March 14, 2015 (KHARTOUM) – The Sudanese president Omer Hassan al-Bashir has described the Berlin Declaration signed by the political and armed opposition groups as a “failure” considering it “as if it had not taken place”.
President Omer al-Bashir speaks to the press in Khartoum on 30 November 2014 (SUNA)
During the last week of February, the “Sudan Call” forces, including the Natioal Consensus Forces (NCF), the rebel umbrella Sudanese Revolutionary Forces (SRF), National Umma Party (NUP) and civil society groups announced readiness to participate in a meeting with the Sudanese government to discuss requirements and procedures of the national dialogue.
The meeting which was sponsored by the German government also decided that the SRF and NUP will represent the “Sudan Call” forces, stressing that no dialogue can be held before implementing the confidence building measures provided in the African Union roadmap to facilitate the internal political process.
The Sudanese president told al-Ray al-Aam newspaper on Saturday they believe that “Berlin’s meeting was a failure and has not achieved the objectives sought by the Germans themselves and hence as if it had not taken place”.
He added the German government made efforts to support Sudan and help resolve its problems, pointing they held the Berlin meeting to achieve three goals including recognition of the legitimacy of the government by the opposition, participation of the opposition in the national dialogue and not to postpone the elections.
Bashir launched the national dialogue initiative a year ago in which he urged opposition parties and rebels alike to join the dialogue table to discuss all the pressing issues.

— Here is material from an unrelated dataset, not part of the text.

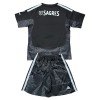 Maglia Benfica Portiere Bambino 2026-27 Nera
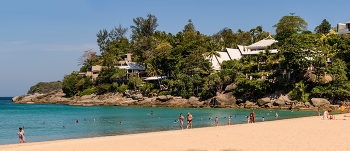 Пхукетское... / Пляж Ката-Яй. 02 19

But the initiative faced serious setbacks after the government refusal to create suitable atmosphere by releasing political prisoners, ensuring freedoms, and postponement of elections.
The NUP led by al-Sadiq al-Mahdi withdrew from the process in protest of al-Mahdi’s arrest last May.
Later on, several political parties including the Reform Now Movement (RNM) led by Ghazi Salah al-Din and the Just Peace Forum (JPF) led by al-Tayeb Mustafa and the Alliance of the Peoples’ Working Forces (APWF) announced they had decided to suspend participation in the national dialogue until the requirements of a conducive environment are met.
However, the African Unity and the international community taught that the dialogue process can lead to end war and achieve a comprehensive political solution including all the political and military opposition forces.
This inclusive approach is seen better that separate peace agreement.
Bashir pointed they urged the German government to bring the opposition forces together, and underscored that the Sudanese Communist Party (SCP) will not accept any understandings leading to recognising legitimacy of his government and will seek to abort the preparatory meeting.
He commended the late leader of the SCP, Mohamed Ibrahim Nugud, praising his Sudanism, patriotism and tolerance.
Bashir said he enjoyed his discussions with Nugud, pointing the latter “differs from the rest of communists”.
The Sudanese president further said the late communist leader expected he would win the previous presidential elections.
Bashir’s statements come a few days after the ruling National Congress Party (NCP) officially welcomed the Berlin Declaration and said it agrees to any meetings or understandings that would lead to everyone’s participation in the national dialogue.
The president said those who launched the “Leave” campaign have been talking about regime change since 1989, pointing his government is not afraid of them because it knows their weight.
“If they had the capability [to overthrow the regime], they would have done it long time ago”, he added.
Last month, the NCF launched a campaign under the slogan “Leave” to boycott April elections and encouraged citizens to sign up.
Bashir stressed that external support for the opposition has fallen back because it failed to topple the regime, pointing it also failed to take advantage of the opportunity which loomed during the protests which followed his government’s decision to lift fuel subsidies.
“We managed to extinguish the protests within 48 hours”, he said.
Protests erupted in Sudan’s major towns in September 2013 following an announcement by the government that it was reducing subsidies on fuel and other basic commodities, leading to calls for regime change.
The security forces attacked the peaceful demonstrations where at least 200 protesters died, 15 of them children and more than 800 others have been detained.